Voitures d'amour évoque la préparation du décès d'une femme vivant en couple avec une amie. Celle-ci fait l'acquisition d'une voiture moderne très spéciale, livrée avec un cercueil associé. Pas de volant ni de pédales, mais des bacs de gel dans lesquels on plonge ses membres et une sorte de micro dans lequel on plonge sa langue afin de démarrer le moteur. Après sa mort, ses habitudes sensorielles ayant été enregistrées par ces capteurs d'une technologie futuriste, sa compagne trouvera dès lors une totale synergie dans la conduite de l'engin…
Dans Sang de porc, Aline, artiste, vient de vendre une de ses œuvres à la galerie où elle est exposée. Cela va lui permettre de bien passer ses prochaines semaines. Pour le virement, le transfert d’argent s’effectue désormais via notre code génétique, où sont inscrites nos coordonnées bancaires. Néanmoins l’ADN étant difficile à coder, un pont était nécessaire à trouver et celui-ci a été permis grâce à l’ADN de porc. Les quelques jours suivant un important virement, des réactions porcines sont donc inévitables. L’objet de kifs que d’aucuns attendent avec impatience...
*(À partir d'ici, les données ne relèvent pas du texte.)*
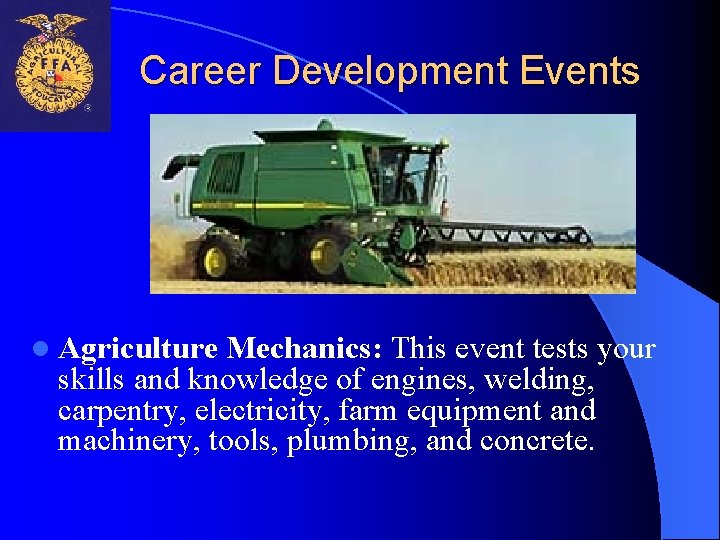 Career Development Events l Agriculture Mechanics: This event tests your skills and knowledge of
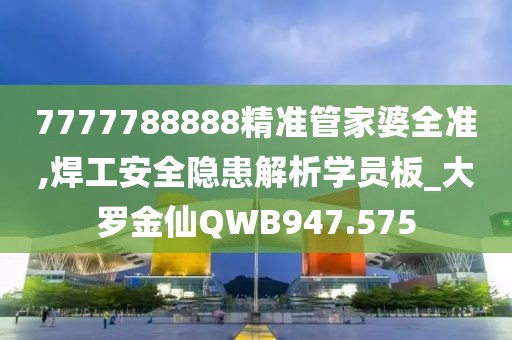 7777788888精准管家婆全准,焊工安全隐患解析学员板_大罗金仙QWB947.575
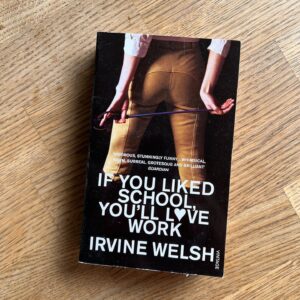 If You liked School, Youll love work . Irvine Welsh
Ce qu'on en pense sur la planète BD :
Stephen Vuillemin est un inconnu pour la plupart des BDphiles. Né en 1986, illustrateur et réalisateur d'animation, il publie néanmoins en 2011 un web comic : Lycéennes, utilisation nouvelle des gifs animés qui attire l'attention de nombreux médias. En 2022, son premier court-métrage d'animation A Kind of Testament est couronné d'une vingtaine de prix internationaux. Il réside entre le jura et Tokyo et ses passions oscillent entre cinéma, musique hip-hop et mode, pour laquelle il travaille. Cette dernière se retrouve d'ailleurs dans les thèmes abordés au sein de ces 23 strips plus ou moins longs. Son style graphique très numérique proposant un trait fin et des couleurs - pouvant par moment évoquer le Ecoute, Jolie Marcia du brésilien Marcello Quintanilha - développe cependant un aspect plastique voire inhumain à ses personnages, souvent déformés exagérément. Dès lors, difficile de les différencier des véritables monstres ou abominations abordés au long de ces scénettes science-fictionnelles. Publiées sur Instagram ou les revues Mouvement magazine et Klubzin, comme des bulles d'air spontanées répondant à la maniaquerie de son film réalisé durant sept ans, celles-ci surprennent par leur étrangeté et leur radicalité frontale. Il est fort à parier que ces idées complètement loufoques sont issues de rêves, tant leur délire défie toute logique ou morale. Et c'est ce qui fait l'entièreté de leur charme. Stephen Vuillemin aborde néanmoins des sujets qui lui tiennent à cœur, on le sent, tel le rapport à la mode, à la gastronomie, au spectacle, au paraître (tatouages, changements physiques...), à la force déviante des réseaux sociaux. Et jamais on ne tombe dans l'abstrait total ou le grand défouloir. Il y a du surréalisme dans ses interrogations et même une vision du futur, certes inquiétante, mais savoureuse, car traitée avec une ironie certaine et surtout beaucoup d'humour (même s'il est souvent vache, ou éléphant, en référence au dernier strip en pleines pages, Lait d'éléphante). Du grand art moderne, que des amateurs avisés tels Ugo Bienvenu ont d’ores et déjà salué.